Task item → Start to finish, reproduce the records below with nothing missing.
----------
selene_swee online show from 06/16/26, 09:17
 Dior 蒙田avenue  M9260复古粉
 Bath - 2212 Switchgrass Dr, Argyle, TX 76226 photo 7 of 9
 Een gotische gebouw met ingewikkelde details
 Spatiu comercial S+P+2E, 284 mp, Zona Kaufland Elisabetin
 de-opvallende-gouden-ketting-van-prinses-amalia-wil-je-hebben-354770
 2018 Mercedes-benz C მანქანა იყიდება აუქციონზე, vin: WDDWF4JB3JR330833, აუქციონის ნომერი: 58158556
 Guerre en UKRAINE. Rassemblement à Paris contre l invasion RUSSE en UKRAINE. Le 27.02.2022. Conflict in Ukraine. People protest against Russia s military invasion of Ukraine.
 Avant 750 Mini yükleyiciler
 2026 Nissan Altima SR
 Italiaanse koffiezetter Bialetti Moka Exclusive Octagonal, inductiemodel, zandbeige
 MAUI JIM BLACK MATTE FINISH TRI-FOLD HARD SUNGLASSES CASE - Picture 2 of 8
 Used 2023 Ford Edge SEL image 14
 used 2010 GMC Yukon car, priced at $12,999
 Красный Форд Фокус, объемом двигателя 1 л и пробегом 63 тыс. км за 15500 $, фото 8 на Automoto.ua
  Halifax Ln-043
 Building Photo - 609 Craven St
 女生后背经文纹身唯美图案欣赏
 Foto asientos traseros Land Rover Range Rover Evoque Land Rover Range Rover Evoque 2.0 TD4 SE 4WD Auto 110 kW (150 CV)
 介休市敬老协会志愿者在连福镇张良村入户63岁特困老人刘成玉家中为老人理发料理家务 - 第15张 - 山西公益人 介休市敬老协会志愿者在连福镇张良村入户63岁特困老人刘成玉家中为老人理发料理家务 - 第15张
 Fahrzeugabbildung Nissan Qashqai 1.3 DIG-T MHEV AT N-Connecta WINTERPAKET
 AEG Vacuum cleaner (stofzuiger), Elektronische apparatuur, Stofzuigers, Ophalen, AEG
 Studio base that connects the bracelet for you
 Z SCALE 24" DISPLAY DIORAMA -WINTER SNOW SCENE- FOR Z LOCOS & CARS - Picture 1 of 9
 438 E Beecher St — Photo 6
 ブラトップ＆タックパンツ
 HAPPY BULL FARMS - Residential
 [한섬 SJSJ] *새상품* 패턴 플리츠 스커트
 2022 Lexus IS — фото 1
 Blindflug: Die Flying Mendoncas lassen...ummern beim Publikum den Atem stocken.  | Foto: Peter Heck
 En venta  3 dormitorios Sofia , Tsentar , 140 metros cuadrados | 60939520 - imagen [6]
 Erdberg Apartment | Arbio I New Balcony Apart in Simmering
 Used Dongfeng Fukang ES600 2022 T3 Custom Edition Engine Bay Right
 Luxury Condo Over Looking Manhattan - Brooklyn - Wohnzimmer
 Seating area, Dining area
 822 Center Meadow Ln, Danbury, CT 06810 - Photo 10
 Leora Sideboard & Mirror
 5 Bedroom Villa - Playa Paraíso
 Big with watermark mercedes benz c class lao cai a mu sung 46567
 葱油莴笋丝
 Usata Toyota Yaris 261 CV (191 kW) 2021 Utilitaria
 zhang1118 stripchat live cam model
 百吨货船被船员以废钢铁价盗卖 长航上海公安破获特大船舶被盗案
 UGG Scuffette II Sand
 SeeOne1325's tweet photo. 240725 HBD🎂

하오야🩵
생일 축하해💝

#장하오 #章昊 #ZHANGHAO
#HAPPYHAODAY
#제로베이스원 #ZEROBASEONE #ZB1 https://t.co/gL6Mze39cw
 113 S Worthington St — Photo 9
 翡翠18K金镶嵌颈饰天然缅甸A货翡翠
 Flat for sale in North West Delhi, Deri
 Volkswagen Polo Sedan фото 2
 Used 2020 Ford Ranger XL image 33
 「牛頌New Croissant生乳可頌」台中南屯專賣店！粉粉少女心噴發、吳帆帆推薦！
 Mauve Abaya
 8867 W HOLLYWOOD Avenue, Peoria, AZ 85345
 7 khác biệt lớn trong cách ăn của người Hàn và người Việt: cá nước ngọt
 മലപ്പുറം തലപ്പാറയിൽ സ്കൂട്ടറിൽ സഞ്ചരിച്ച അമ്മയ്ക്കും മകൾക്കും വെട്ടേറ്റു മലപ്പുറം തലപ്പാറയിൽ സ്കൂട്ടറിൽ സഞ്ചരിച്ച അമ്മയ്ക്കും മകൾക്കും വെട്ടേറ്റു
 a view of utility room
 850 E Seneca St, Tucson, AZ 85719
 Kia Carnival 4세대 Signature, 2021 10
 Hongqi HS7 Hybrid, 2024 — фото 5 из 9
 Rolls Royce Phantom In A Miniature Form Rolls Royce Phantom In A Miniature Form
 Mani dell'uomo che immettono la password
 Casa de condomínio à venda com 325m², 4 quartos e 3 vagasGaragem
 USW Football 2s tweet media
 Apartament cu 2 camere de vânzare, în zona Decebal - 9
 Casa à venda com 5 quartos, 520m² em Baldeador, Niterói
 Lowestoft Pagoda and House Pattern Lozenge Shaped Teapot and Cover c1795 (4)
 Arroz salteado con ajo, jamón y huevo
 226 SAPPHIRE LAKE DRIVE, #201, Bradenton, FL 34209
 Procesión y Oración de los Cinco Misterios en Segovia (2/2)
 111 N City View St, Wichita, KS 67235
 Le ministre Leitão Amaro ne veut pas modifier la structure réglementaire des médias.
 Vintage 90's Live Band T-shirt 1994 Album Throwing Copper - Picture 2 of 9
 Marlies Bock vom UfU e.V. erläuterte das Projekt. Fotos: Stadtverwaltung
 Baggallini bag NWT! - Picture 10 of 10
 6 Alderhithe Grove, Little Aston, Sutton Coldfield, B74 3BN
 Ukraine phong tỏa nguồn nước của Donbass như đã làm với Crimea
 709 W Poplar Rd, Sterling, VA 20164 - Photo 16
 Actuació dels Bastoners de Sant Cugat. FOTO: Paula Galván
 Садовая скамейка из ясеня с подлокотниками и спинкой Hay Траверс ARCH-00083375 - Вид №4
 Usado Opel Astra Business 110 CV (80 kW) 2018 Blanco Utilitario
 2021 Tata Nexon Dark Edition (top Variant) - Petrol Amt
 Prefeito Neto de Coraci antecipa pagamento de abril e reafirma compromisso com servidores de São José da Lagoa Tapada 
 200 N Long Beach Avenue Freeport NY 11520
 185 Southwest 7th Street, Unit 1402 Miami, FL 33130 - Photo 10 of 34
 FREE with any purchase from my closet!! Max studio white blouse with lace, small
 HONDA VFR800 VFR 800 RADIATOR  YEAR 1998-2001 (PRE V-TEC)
----------
Exercise response →
selene_swee online show from 06/16/26, 09:17
 Dior 蒙田avenue  M9260复古粉
 Bath - 2212 Switchgrass Dr, Argyle, TX 76226 photo 7 of 9
 Een gotische gebouw met ingewikkelde details
 Spatiu comercial S+P+2E, 284 mp, Zona Kaufland Elisabetin
 de-opvallende-gouden-ketting-van-prinses-amalia-wil-je-hebben-354770
 2018 Mercedes-benz C მანქანა იყიდება აუქციონზე, vin: WDDWF4JB3JR330833, აუქციონის ნომერი: 58158556
 Guerre en UKRAINE. Rassemblement à Paris contre l invasion RUSSE en UKRAINE. Le 27.02.2022. Conflict in Ukraine. People protest against Russia s military invasion of Ukraine.
 Avant 750 Mini yükleyiciler
 2026 Nissan Altima SR
 Italiaanse koffiezetter Bialetti Moka Exclusive Octagonal, inductiemodel, zandbeige
 MAUI JIM BLACK MATTE FINISH TRI-FOLD HARD SUNGLASSES CASE - Picture 2 of 8
 Used 2023 Ford Edge SEL image 14
 used 2010 GMC Yukon car, priced at $12,999
 Красный Форд Фокус, объемом двигателя 1 л и пробегом 63 тыс. км за 15500 $, фото 8 на Automoto.ua
  Halifax Ln-043
 Building Photo - 609 Craven St
 女生后背经文纹身唯美图案欣赏
 Foto asientos traseros Land Rover Range Rover Evoque Land Rover Range Rover Evoque 2.0 TD4 SE 4WD Auto 110 kW (150 CV)
 介休市敬老协会志愿者在连福镇张良村入户63岁特困老人刘成玉家中为老人理发料理家务 - 第15张 - 山西公益人 介休市敬老协会志愿者在连福镇张良村入户63岁特困老人刘成玉家中为老人理发料理家务 - 第15张
 Fahrzeugabbildung Nissan Qashqai 1.3 DIG-T MHEV AT N-Connecta WINTERPAKET
 AEG Vacuum cleaner (stofzuiger), Elektronische apparatuur, Stofzuigers, Ophalen, AEG
 Studio base that connects the bracelet for you
 Z SCALE 24" DISPLAY DIORAMA -WINTER SNOW SCENE- FOR Z LOCOS & CARS - Picture 1 of 9
 438 E Beecher St — Photo 6
 ブラトップ＆タックパンツ
 HAPPY BULL FARMS - Residential
 [한섬 SJSJ] *새상품* 패턴 플리츠 스커트
 2022 Lexus IS — фото 1
 Blindflug: Die Flying Mendoncas lassen...ummern beim Publikum den Atem stocken.  | Foto: Peter Heck
 En venta  3 dormitorios Sofia , Tsentar , 140 metros cuadrados | 60939520 - imagen [6]
 Erdberg Apartment | Arbio I New Balcony Apart in Simmering
 Used Dongfeng Fukang ES600 2022 T3 Custom Edition Engine Bay Right
 Luxury Condo Over Looking Manhattan - Brooklyn - Wohnzimmer
 Seating area, Dining area
 822 Center Meadow Ln, Danbury, CT 06810 - Photo 10
 Leora Sideboard & Mirror
 5 Bedroom Villa - Playa Paraíso
 Big with watermark mercedes benz c class lao cai a mu sung 46567
 葱油莴笋丝
 Usata Toyota Yaris 261 CV (191 kW) 2021 Utilitaria
 zhang1118 stripchat live cam model
 百吨货船被船员以废钢铁价盗卖 长航上海公安破获特大船舶被盗案
 UGG Scuffette II Sand
 SeeOne1325's tweet photo. 240725 HBD🎂

하오야🩵
생일 축하해💝

#장하오 #章昊 #ZHANGHAO
#HAPPYHAODAY
#제로베이스원 #ZEROBASEONE #ZB1 https://t.co/gL6Mze39cw
 113 S Worthington St — Photo 9
 翡翠18K金镶嵌颈饰天然缅甸A货翡翠
 Flat for sale in North West Delhi, Deri
 Volkswagen Polo Sedan фото 2
 Used 2020 Ford Ranger XL image 33
 「牛頌New Croissant生乳可頌」台中南屯專賣店！粉粉少女心噴發、吳帆帆推薦！
 Mauve Abaya
 8867 W HOLLYWOOD Avenue, Peoria, AZ 85345
 7 khác biệt lớn trong cách ăn của người Hàn và người Việt: cá nước ngọt
 മലപ്പുറം തലപ്പാറയിൽ സ്കൂട്ടറിൽ സഞ്ചരിച്ച അമ്മയ്ക്കും മകൾക്കും വെട്ടേറ്റു മലപ്പുറം തലപ്പാറയിൽ സ്കൂട്ടറിൽ സഞ്ചരിച്ച അമ്മയ്ക്കും മകൾക്കും വെട്ടേറ്റു
 a view of utility room
 850 E Seneca St, Tucson, AZ 85719
 Kia Carnival 4세대 Signature, 2021 10
 Hongqi HS7 Hybrid, 2024 — фото 5 из 9
 Rolls Royce Phantom In A Miniature Form Rolls Royce Phantom In A Miniature Form
 Mani dell'uomo che immettono la password
 Casa de condomínio à venda com 325m², 4 quartos e 3 vagasGaragem
 USW Football 2s tweet media
 Apartament cu 2 camere de vânzare, în zona Decebal - 9
 Casa à venda com 5 quartos, 520m² em Baldeador, Niterói
 Lowestoft Pagoda and House Pattern Lozenge Shaped Teapot and Cover c1795 (4)
 Arroz salteado con ajo, jamón y huevo
 226 SAPPHIRE LAKE DRIVE, #201, Bradenton, FL 34209
 Procesión y Oración de los Cinco Misterios en Segovia (2/2)
 111 N City View St, Wichita, KS 67235
 Le ministre Leitão Amaro ne veut pas modifier la structure réglementaire des médias.
 Vintage 90's Live Band T-shirt 1994 Album Throwing Copper - Picture 2 of 9
 Marlies Bock vom UfU e.V. erläuterte das Projekt. Fotos: Stadtverwaltung
 Baggallini bag NWT! - Picture 10 of 10
 6 Alderhithe Grove, Little Aston, Sutton Coldfield, B74 3BN
 Ukraine phong tỏa nguồn nước của Donbass như đã làm với Crimea
 709 W Poplar Rd, Sterling, VA 20164 - Photo 16
 Actuació dels Bastoners de Sant Cugat. FOTO: Paula Galván
 Садовая скамейка из ясеня с подлокотниками и спинкой Hay Траверс ARCH-00083375 - Вид №4
 Usado Opel Astra Business 110 CV (80 kW) 2018 Blanco Utilitario
 2021 Tata Nexon Dark Edition (top Variant) - Petrol Amt
 Prefeito Neto de Coraci antecipa pagamento de abril e reafirma compromisso com servidores de São José da Lagoa Tapada 
 200 N Long Beach Avenue Freeport NY 11520
 185 Southwest 7th Street, Unit 1402 Miami, FL 33130 - Photo 10 of 34
 FREE with any purchase from my closet!! Max studio white blouse with lace, small
 HONDA VFR800 VFR 800 RADIATOR  YEAR 1998-2001 (PRE V-TEC)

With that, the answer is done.